Nel frattempo qualcuno fece recapitare la sua lettera e quando Abigail l’aprì
quasi si sentì male. Era in ospedale, quando fu chiamata d’urgenza all’ingresso.
Incuriosita, dopo che il fattorino le consegnò la lettera, l’aprì e riconosciuta
la calligrafia di Sammy, la lesse. Joseph era nel suo studio con una paziente e
quando Abby entrò, entrambi si spaventarono.
"Abby che succede? Sei alquanto pallida."
"Scusate l’intrusione, ma ..." e porse la lettera a suo marito.

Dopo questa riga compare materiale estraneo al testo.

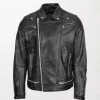 Men's Black Leather Biker Jacket Brando Style Sean with Zippered Front and Sleeves front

Jo capì che qualcosa non andava, finì di prescrivere i medicinali idonei alla
sua paziente e dopo che questa uscì, si sedette e lesse la lettera.

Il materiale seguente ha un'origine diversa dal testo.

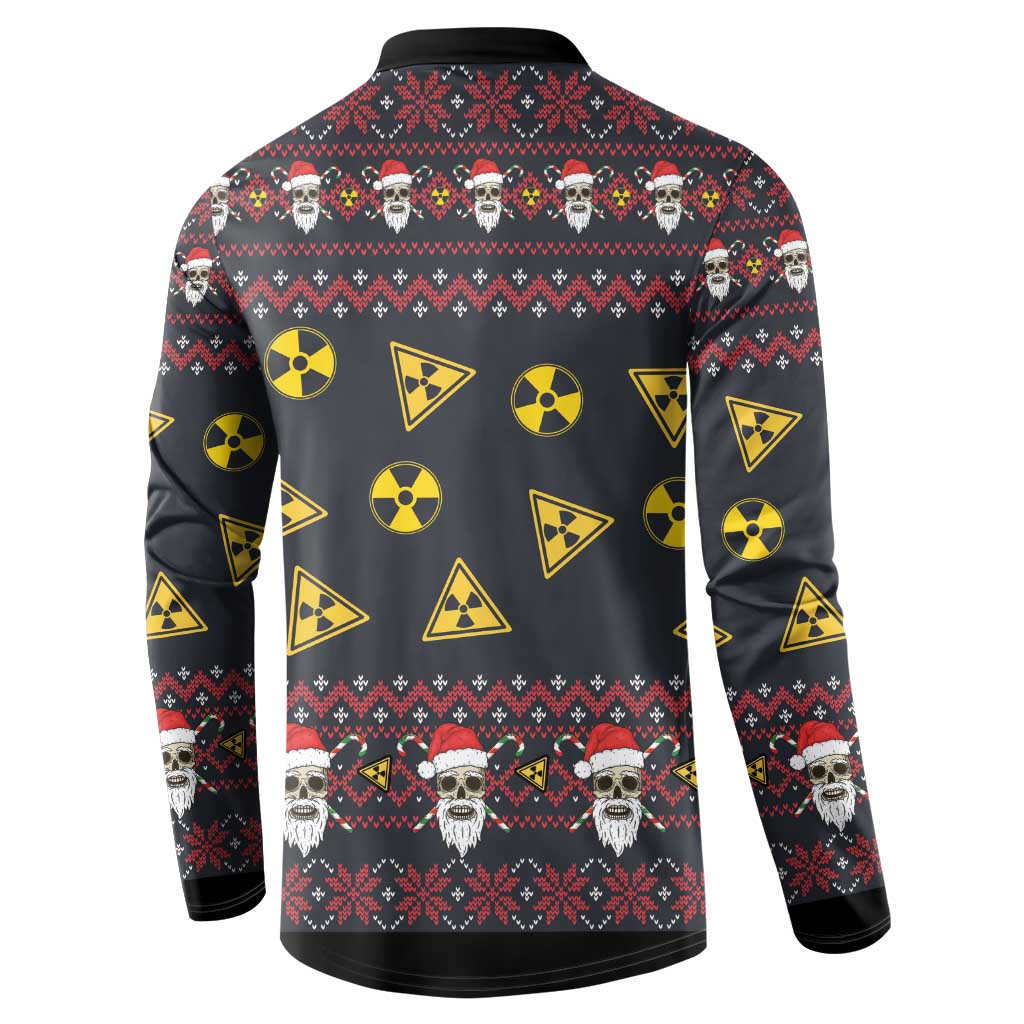 Skull Have A Rad Christmas Button Sweatshirt Santa Skull - Wonder Print Shop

"Mio Dio Jo, lo sapevo che non doveva andare. Vogliono cinque milioni di dollari
entro un mese, se no Samantha morirà."
"Stai calma, ti chiedono di fare da tramite. Devi rientrare il prima possibile.
Porta questa lettera alla sua redazione e insieme cercheremo un modo per
aiutarla."
"Come faccio ad andarmene, Samuel e Samira sono ancora piccoli, come farai da
solo?"
"Non preoccuparti per noi, ora dobbiamo pensare solo a Sammy."

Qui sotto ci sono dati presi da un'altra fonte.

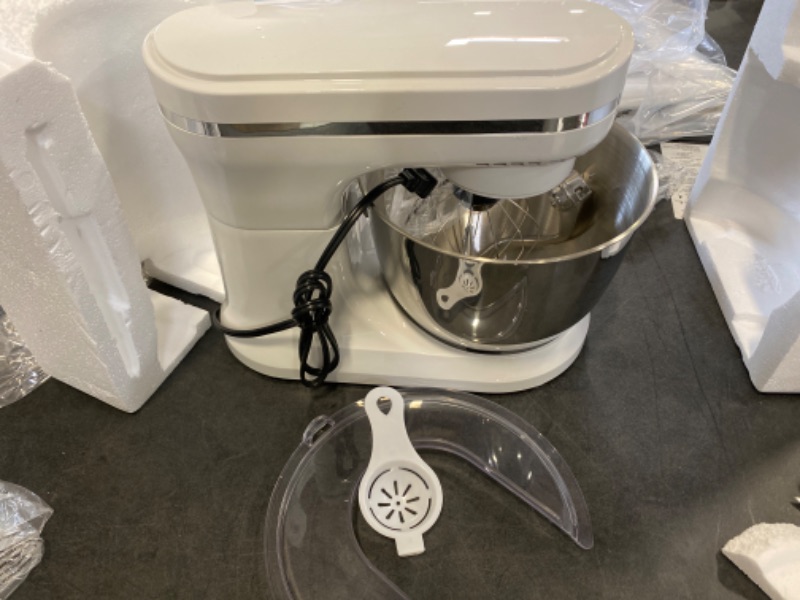 Photo 2 of KUPPET Stand Mixer, 8-Speed Electric Mixer, Tilt-Head Food Mixer with Dough Hook, Wire Whip & Beater, 4.7QT Stainless Steel Bowl, White NEW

"Sì lo so, hai ragione. I nostri genitori ci aiuteranno, ma come faremo a
trovare cinque milioni di dollari? Ho paura Joseph, mio Dio proteggila tu."
La sera stessa preparò la sua roba, prenotò il primo volo in partenza e rientrò
a New York.
Era passata una settimana da quando era lì e Samantha doveva trovare il modo di
andarsene. Ora non la tenevano più rinchiusa, poteva girare per il villaggio,
anche se era convinta che qualcuno la seguisse ovunque andasse. Inoltre non
aveva con sé niente per cambiarsi e lavarsi in una bacinella d’acqua non le
bastava più. Dire che si sentisse lercia, era poco. Stava passeggiando, quando
si accorse che in una jeep c’erano inserite le chiavi. Ci salì e pensò, forse
posso andarmene. Mise in moto e quando si avviò, non ci pensò due volte,
schiacciò l’acceleratore e uscì dal villaggio a tutta velocità. Quando si
accorsero che stava scappando, si misero tutti in moto. La sua fuga però durò
ben poco, non arrivò neanche a percorrere qualche chilometro, perché la macchina
piano rallentò e si fermò. Tentò disperata di rimetterla in moto, ma niente e
guardando l’indicatore della benzina, si accorse che era a zero.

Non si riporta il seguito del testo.